You thought being stuck in quarantine would do some good for your relationship, but now you wonder why your relationship changed during quarantine.
We’ve all struggled through this time of quarantine. Surprisingly, everyone in the world went through this together. This pandemic has changed many things in our world, but if your relationship changed during quarantine, how do you handle it?
My partner and I spent three months in quarantine together in our house. For most people, that sounds like a nightmare, and in the beginning, we definitely had our concerns. I mean, spending time with your partner is one thing. Spending 24/7 with your partner is something completely different. But once we found our routine and new groove, we actually did quite well in quarantine.
11 things to do if your relationship changed during quarantine
You might be finished with quarantine, but your relationship is different. It’s not what it once was. Now, that’s not necessarily a bad thing.
This could mean you haven’t grown together, but it could also show you the problems in your relationship. If your relationship has changed during quarantine, follow-up on it and see what’s going on between you two.
Is this a relationship you want to work on? Is it a relationship you even want to be in? There are hard questions to ask yourself, but they’re important ones. Not everyone came out stronger from quarantine.
#1 Take some time out. Okay, the quarantine is over, and you’re slowly getting back to your old routine. But don’t push the experience of quarantine to the back of your mind. Take some time out, do things on your own, and use the time to reflect on what happened and what you think about the relationship.
#2 Your relationship is always changing. All relationships change throughout time. In this case, your relationship was forcefully put in a position you didn’t expect it to be in. If you think your relationship changed, well, remember that most relationships have changed during quarantine. It’s not something you can avoid.
#3 Understand there were external stresses. Your relationship wasn’t placed in a typical scenario. You were quarantined with your partner and unable to leave your home for days on end.
Plus, if you lost your job, you have the additional financial stress of that. So, your relationship was under a magnifying glass, and there were a lot of things *possibly ongoing* that were stressful.

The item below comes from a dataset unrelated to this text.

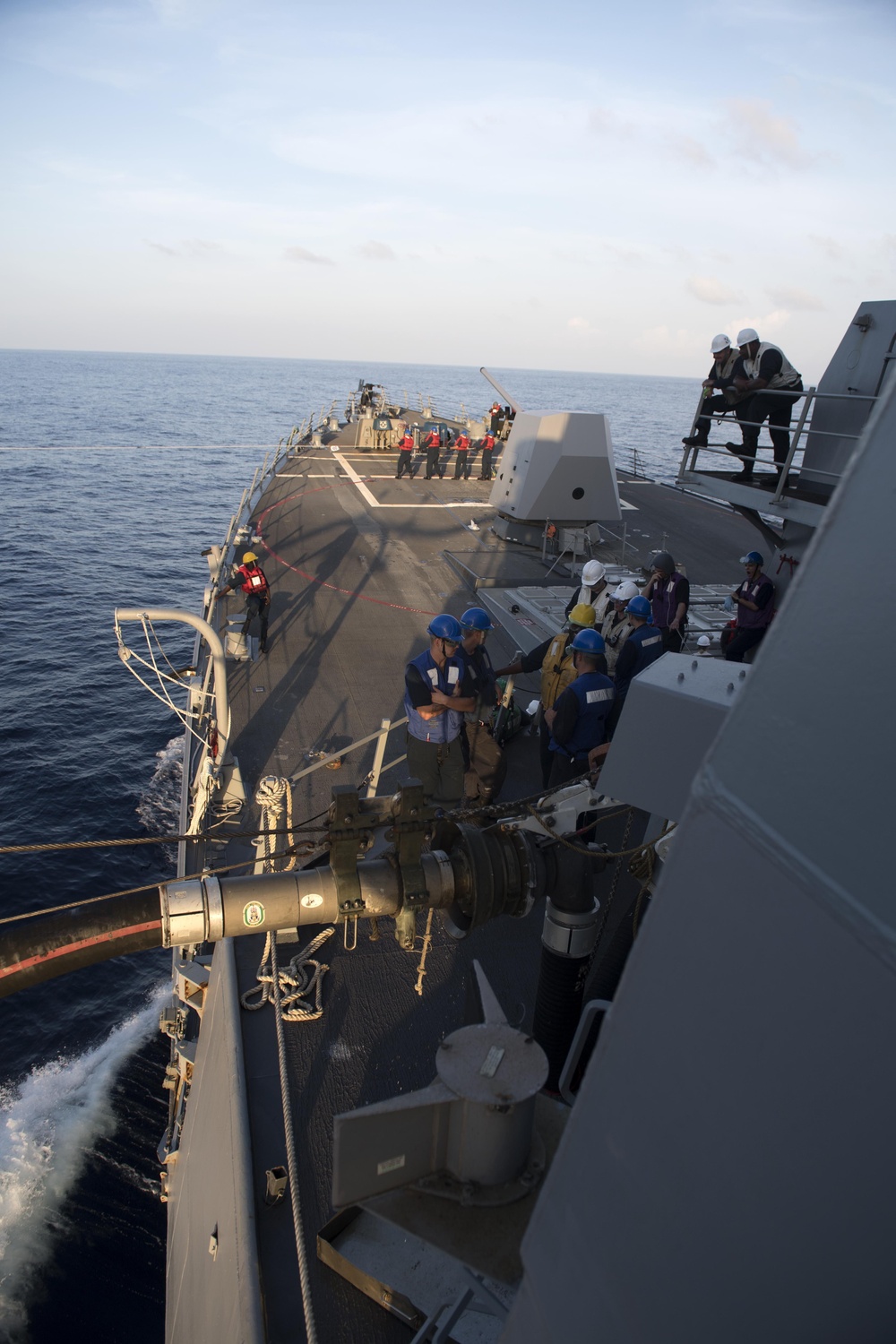 Sailors aboard USS Spruance (DDG 111) man their stations while receiving fuel from USNS Charles Drew (T-AKE 10) during a replenishment-at-sea.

#4 Talk to your partner. Maybe your experience in quarantine wasn’t the best one. But that doesn’t mean you throw in the towel and call it quits. It’s sad to see couples divorcing after being in quarantine. So, this is why communication is truly crucial in every relationship. Sit down and talk about the experience with your partner.
#5 Think about the issues you had. Of course, every couple argued during the quarantine. But what did you two argue about? What were the underlying issues? Those issues didn’t go away; they just settled below the surface. During quarantine, your issues were highlighted and now’s the chance to deal with them.
#6 Use your differences to empower the relationship. You probably noticed some huge differences between you and your partner. But those differences don’t mean you should break up. If anything, now’s the time to see those differences. Talk about how you can empower each other and make the relationship stronger.
#7 Get intimate again. The quarantine was a lot for everyone. And though in the first week, everyone was catching up on sex, after a while, things settled down. Well, now is the time to reconnect with each other. Your routines are slowly coming back, and life is returning to normal. So, take this time to be intimate and bond.
#8 Talk about your needs. Maybe during quarantine, you realized your needs weren’t being met. Maybe you wanted more affection from your partner or more support when it comes to taking care of the children. Either way, express this to your partner and come up with a plan to help your needs be met.
#9 Talk to a professional with your partner. There’s no shame in therapy. It’s helped me change and become a better person. Therapy is something everyone should do, and if you’re able to do therapy with your partner, that’s even better. A therapist will help you get to the real issues in your relationship and give you the tools to improve things.
#10 Is this the change you want? This is an important question. Okay, your relationship changed, that’s fine. It was bound to happen. But is the change you want? More so, is this the change you’re willing to accept? If not, work with your partner to see if you can improve the relationship.
#11 You’re not the only one in the relationship. Here’s the thing, your partner also quarantined with you. Maybe they feel that the relationship changed as well. This is why communication is really important. If you want to keep your relationship, understand it’s not a one-way street. Don’t assume you know how your partner feels.
If you think your relationship changed during quarantine, that’s not necessarily a bad thing. What’s important is to talk about this with your partner.